The STARS Senior Enrichment Program is little known at Rollins, yet it is an initiative that has surpassed its enrollment goals since its inception in 2013.

The STARS (standing for Senior Tars) program is a collection of non-graded courses that do not result in a degree but are offered with the intent of enriching Winter Park seniors’ lives. Classes are for adults aged 50 and older, costing $70 each. 

Peggy Smith-Clayman, STARS program manager, said when STARS first began, its goal was to have 125 students in the first year, 250 students in the second year, and 500 students in the third year. Instead, the program surpassed its third year enrollment goal in its first year. 

She said that in the Fall 2018 semester, the program had 611 registrations. 

Numbers from this year are not established yet due to the program’s open and ongoing enrollment. 

Many STARS students use the program as an opportunity to take classes they were unable to take while they were in college decades ago. With students representing professions such as law and engineering, hundreds of seniors have taken advantage of the liberal arts curriculum to expand their knowledge in a multitude of subjects. 

In turn, students offer unique knowledge to their professors. Associate Professor Dr.
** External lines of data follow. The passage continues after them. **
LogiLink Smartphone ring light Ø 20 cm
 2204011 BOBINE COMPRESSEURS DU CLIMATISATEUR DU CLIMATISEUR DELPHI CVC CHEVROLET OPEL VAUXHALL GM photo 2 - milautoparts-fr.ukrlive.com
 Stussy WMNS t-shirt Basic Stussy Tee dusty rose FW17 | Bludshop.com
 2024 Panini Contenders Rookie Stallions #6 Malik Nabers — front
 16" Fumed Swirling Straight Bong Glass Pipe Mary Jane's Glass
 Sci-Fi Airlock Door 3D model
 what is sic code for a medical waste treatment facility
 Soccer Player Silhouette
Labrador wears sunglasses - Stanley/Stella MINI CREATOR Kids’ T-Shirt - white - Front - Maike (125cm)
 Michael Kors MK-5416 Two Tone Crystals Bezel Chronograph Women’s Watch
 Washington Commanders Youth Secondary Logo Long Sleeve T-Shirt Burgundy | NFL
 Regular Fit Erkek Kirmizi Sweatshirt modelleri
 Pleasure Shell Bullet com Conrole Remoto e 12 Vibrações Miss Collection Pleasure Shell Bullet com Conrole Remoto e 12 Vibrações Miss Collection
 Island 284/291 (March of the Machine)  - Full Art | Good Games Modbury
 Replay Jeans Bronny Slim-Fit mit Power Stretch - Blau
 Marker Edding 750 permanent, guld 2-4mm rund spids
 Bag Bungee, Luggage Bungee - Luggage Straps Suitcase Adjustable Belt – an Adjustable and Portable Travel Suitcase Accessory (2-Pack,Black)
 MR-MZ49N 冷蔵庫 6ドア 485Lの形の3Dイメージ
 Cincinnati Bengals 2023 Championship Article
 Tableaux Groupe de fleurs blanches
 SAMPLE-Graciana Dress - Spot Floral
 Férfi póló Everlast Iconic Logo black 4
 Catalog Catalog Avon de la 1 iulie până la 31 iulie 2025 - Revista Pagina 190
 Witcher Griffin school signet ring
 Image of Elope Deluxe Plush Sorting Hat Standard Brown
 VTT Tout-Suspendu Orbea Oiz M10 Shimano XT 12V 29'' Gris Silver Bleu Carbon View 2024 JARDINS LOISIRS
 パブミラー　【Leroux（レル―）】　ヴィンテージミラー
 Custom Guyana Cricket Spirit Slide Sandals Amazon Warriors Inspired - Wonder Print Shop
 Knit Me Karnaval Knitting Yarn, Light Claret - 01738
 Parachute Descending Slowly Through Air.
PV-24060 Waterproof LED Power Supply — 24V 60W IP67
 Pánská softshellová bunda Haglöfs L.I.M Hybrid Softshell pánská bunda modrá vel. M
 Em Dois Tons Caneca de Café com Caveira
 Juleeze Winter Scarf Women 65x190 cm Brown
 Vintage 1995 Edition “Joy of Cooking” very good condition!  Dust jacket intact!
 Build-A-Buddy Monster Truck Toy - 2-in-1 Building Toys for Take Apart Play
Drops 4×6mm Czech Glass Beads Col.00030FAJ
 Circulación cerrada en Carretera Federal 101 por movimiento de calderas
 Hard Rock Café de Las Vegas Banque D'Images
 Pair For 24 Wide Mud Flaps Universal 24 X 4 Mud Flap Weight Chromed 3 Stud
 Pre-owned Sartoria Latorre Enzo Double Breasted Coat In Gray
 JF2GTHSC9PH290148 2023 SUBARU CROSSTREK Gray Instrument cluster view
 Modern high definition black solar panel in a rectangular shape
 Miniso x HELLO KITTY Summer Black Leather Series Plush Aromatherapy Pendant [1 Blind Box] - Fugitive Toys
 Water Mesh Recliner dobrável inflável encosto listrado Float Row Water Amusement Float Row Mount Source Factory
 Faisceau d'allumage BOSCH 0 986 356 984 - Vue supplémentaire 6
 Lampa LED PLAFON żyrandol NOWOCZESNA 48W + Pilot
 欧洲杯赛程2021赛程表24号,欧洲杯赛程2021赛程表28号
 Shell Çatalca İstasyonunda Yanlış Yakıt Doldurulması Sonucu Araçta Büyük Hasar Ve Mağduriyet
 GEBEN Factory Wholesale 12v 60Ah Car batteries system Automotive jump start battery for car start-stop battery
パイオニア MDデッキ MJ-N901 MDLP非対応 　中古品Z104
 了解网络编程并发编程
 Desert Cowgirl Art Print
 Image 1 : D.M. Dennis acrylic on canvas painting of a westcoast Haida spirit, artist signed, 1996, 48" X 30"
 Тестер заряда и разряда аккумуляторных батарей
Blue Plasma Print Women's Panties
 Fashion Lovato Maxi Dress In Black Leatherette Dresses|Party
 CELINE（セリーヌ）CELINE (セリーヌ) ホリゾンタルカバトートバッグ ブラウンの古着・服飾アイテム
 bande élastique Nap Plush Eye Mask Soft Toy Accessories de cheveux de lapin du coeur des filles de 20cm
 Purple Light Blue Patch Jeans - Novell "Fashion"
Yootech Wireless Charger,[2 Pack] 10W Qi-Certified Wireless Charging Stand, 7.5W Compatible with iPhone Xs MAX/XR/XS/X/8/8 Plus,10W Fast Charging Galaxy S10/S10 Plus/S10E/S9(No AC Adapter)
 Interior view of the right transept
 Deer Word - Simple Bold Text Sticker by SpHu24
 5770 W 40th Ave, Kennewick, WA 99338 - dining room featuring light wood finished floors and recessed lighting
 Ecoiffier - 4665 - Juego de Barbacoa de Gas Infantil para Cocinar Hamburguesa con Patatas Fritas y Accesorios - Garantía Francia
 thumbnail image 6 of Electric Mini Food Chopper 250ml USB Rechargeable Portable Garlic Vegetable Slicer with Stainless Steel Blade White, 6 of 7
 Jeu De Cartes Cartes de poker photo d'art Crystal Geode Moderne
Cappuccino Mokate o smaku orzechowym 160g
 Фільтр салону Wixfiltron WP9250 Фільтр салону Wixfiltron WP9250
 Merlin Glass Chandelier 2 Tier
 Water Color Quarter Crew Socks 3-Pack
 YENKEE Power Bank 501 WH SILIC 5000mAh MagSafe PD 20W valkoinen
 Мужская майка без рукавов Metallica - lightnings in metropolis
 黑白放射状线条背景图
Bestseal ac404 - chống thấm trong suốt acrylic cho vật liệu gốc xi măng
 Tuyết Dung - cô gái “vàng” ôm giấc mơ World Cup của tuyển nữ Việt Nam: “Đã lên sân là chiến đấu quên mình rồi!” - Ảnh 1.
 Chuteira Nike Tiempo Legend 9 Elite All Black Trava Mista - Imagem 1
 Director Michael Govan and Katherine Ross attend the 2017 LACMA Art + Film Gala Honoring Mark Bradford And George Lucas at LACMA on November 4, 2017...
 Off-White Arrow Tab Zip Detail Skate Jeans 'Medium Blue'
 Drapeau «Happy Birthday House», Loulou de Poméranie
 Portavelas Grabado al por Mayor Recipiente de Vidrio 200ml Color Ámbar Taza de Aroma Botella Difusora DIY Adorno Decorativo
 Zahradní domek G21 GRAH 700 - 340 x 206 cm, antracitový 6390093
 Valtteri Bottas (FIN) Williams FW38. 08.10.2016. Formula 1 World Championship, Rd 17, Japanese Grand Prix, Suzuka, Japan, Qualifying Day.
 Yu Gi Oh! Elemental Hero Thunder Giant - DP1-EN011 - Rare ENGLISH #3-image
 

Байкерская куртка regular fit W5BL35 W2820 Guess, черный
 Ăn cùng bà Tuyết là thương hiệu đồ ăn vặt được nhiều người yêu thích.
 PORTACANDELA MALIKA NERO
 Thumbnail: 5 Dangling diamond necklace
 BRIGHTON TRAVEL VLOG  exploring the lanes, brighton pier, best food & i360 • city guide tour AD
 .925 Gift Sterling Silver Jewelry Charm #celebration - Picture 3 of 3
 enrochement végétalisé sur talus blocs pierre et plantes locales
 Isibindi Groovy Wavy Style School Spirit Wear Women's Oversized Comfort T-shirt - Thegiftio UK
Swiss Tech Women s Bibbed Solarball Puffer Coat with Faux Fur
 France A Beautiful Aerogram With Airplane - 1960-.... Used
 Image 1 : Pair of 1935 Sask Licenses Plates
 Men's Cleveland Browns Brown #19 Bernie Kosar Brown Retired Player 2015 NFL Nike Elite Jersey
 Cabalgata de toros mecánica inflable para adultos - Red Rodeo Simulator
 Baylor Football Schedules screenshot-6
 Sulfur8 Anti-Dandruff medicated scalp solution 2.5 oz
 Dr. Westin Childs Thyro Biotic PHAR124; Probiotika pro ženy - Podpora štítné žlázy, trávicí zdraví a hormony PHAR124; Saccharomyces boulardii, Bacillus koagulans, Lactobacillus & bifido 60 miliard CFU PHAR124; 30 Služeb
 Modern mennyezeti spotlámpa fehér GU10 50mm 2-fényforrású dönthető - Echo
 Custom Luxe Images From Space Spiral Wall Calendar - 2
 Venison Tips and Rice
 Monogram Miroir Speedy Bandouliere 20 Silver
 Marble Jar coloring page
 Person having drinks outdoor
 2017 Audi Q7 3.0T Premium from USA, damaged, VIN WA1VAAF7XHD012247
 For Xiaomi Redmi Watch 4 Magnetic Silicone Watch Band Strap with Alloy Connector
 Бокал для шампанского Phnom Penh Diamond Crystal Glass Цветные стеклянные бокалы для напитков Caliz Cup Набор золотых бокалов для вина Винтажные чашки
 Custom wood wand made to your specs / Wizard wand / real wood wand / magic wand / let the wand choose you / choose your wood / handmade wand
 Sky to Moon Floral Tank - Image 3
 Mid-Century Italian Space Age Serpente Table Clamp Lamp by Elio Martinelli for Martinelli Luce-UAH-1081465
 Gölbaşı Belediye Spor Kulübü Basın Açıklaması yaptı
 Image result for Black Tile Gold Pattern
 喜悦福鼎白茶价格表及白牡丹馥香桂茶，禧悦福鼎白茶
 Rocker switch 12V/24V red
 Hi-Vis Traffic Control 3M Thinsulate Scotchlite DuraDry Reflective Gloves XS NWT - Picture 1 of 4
Kasandra Riley said, “I learned things from [the STARS] that are going to go back into the classroom at Rollins, starting in the spring when I teach my kitchen chemistry class.”

Riley chose to teach STARS classes in addition to her daily course load and duties as chair of the chemistry department. 

Smith-Clayman said that her main goal is to garner more support for the program, such as more faculty offering to teach classes. Smith-Clayman also wishes to increase interaction with the wider Rollins community, particularly between undergraduate students and the STARS. However, there are no current plans to further this.

Many senior students  are in the program because they share a common desire to get to know new people. A lot of them are divorced, widowed, or have recently moved into the area. Other senior Tars take the classes as a way to bond with their significant other. Married couples will use the classes as a date night.

“There are classes nine months out of the year and [the STARS] will come every week and every one of those months,” said Smith-Clayman.

Riley said students are relaxed in class since the program does not have a grading system: “They’re all doing it because that’s how they choose to spend their time, and they have a lot of flexibility and time in their lives.”

The program itself is self-sustaining and does not rely on funding from Rollins. 

For STARS unable to commute to Rollins, some classes are held at other locations such as local churches, the Winter Park Wellness Center, Westminster Winter Park, and retirement homes.

Smith-Clayman said her work in the STARS program is “one of the most rewarding things I have done.”